EMC’s Joe Tucci has long been the smartest CEO in storage. While not every one of his bets has paid off, enough have done well, while the VMware $625M buy was a monster smash. Since VMware accounts for some 70% of EMC’s market cap, it is really the only deal that matters.
So what to make of his selling EMC to Dell? Another win for Tucci, turmoil for both EMC and Dell, and Dell and Silver Lake have been royally outfoxed.
Tucci has taken Dell to the cleaners. Dell bought a group of declining storage businesses (XtremeIO and – maybe some day soon – DSSD will help, but they’re small compared to the larger VMAX and VNX businesses), one highly profitable high-growth business (VMware), and promising but small Pivotal and Atmos businesses. I’ll be surprised if Dell/Silver Lake can hang onto VMware when interest rates start to rise and their debt load becomes a liability.
EMC’s core businesses are under long-term pressure from the cloud and from a host of startups whose modern technology is challenging EMC’s tired iron. EMC’s cloud initiatives are still in early days and, while promising, are also subject to intense competitive pressure from larger web-scale initiatives. The inevitable disruption due to the purchase won’t help these nascent cloud-related products either.
What Dell is getting – and what it sorely needs – is an aggressive executive team, deep enterprise experience, and a company big enough to change their parochial culture. If I were a Dell exec I’d be dusting off my resume because the EMC guys will be gunning for you.
What about everybody else?
HP, despite its current split up pains, will, on balance, gain due to the uncertainty around EMC’s post-sale product plans and sales and channel disruption.
IBM will continue its long-term retreat from hardware towards services (Cleversafe is the latest buy, and a good one for a services strategy), and won’t see much impact.
Oracle is niche-focused and may decide to broaden their storage portfolio – Sun’s was historically weak, and that hasn’t changed – by making an AFA buy.
Cisco is the big question mark. They could easily buy NetApp, but NetApp is grappling with years of poor product strategy. How does the new CEO prioritize growing the UCS business against the other challenges they face?
HDS continues to quietly reposition themselves and while they’re too quiet, their strategy is sound.
The startups – including Pure, Nutanix, Nimble, Infinidat and others – will also gain, though Nutanix may lose Dell’s support in favor of Atmos. OTOH, Nutanix may clobber Atmos. Stay tuned!
The StorageMojo take
Tucci made a great deal for EMC stockholders – and for himself. He’ll get to continue to run EMC for a few more years, and without the hassles of quarterly reporting and insurgent investors he’ll be having a lot more fun.
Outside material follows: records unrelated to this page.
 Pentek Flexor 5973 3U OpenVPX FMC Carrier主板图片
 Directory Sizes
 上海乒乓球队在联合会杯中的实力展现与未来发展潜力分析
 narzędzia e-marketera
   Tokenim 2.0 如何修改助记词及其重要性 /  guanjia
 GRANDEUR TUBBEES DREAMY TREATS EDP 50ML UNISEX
The larger issue is whether the industry needs another hardware heavy enterprise IT company. The pendulum swung towards the big guys when a “best of breed” buying strategy led to unsustainable integration costs. But now that everything IT is based on one processor, two operating systems, a couple of databases and one network – with cloud vendors handling spikes and many new tools – it is now feasible for enterprises to buy modern best of breed products with features the Old Guard can’t match.
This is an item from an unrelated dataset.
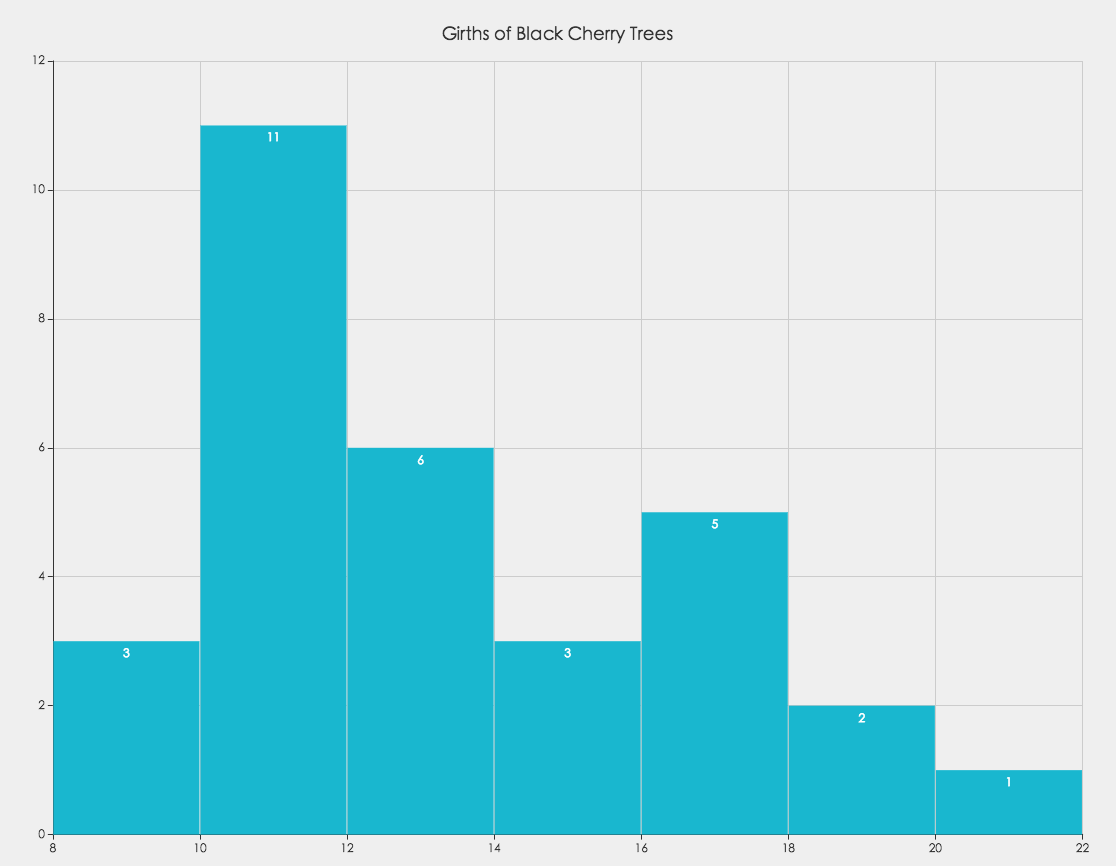 histogram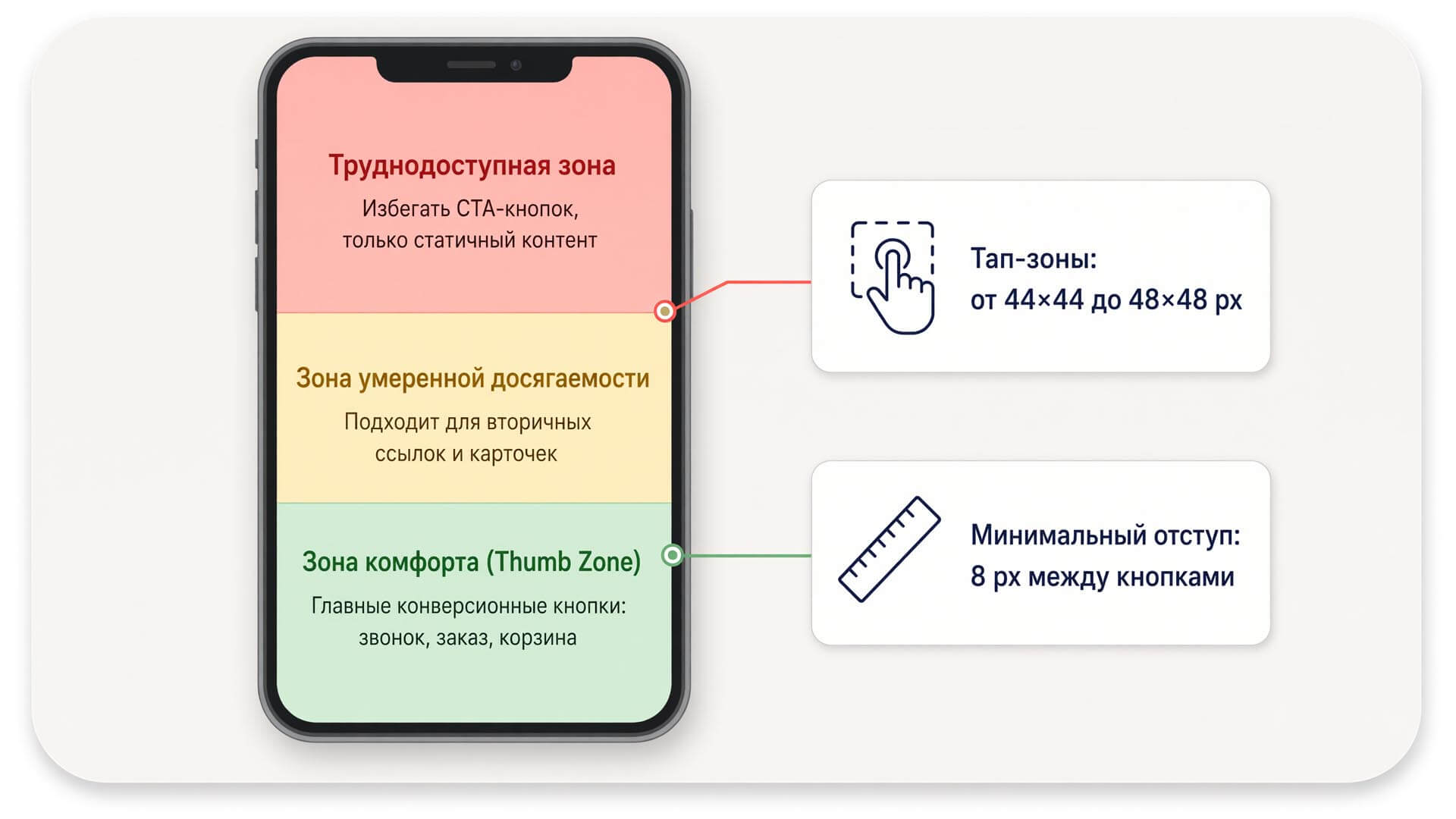 Оптимизация интерфейса и тап-зон для мобильной версии сайта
In any case, EMC will have a bigger impact on Dell’s culture than the reverse, and that could be a very good thing for Mr. Dell.
Courteous comments welcome, of course.
Why do you think EMC will have a bigger impact on Dell’s culture than the reverse? Dell is, after all, the acquirer. They also have nearly 50% more employees and more than twice as much revenue. Both businesses have their share of dinosaurs making it hard to keep up with industry trends, perhaps even more so at EMC than at Dell. These are all of the factors I know of that feed into which culture becomes dominant, and they all point toward Dell. Perhaps more significantly, how do the employees feel? Are Dell employees afraid they’ll have to change their ways? Are EMC employees? My contacts at Dell are few, but I know a *lot* of people at EMC and there’s definitely some worry there. The EMC brand might have more cachet than the Dell brand – premium vs. economy and all that – but *culturally* I’m pretty sure the result of this is going to be more Dell than EMC.
Business-wise, I think selling whole storage systems is going to be a difficult thing for a long time. Big, small, fast, slow, whatever. The big cloud providers are either using open-source storage software on commodity hardware (disclaimer: I’m a Gluster developer) or rolling their own, or some combination of both. Many users are either paying for that, or doing the same thing themselves. The knowledge is out there, and so are the components – drives, boards, interconnects, and so on. Given the choice, people would rather buy (or build) software, skipping the huge markups on hardware, and now they have that choice. The only plays left are cost and convenience. That’s the only way Dell can make this work, and good luck to them.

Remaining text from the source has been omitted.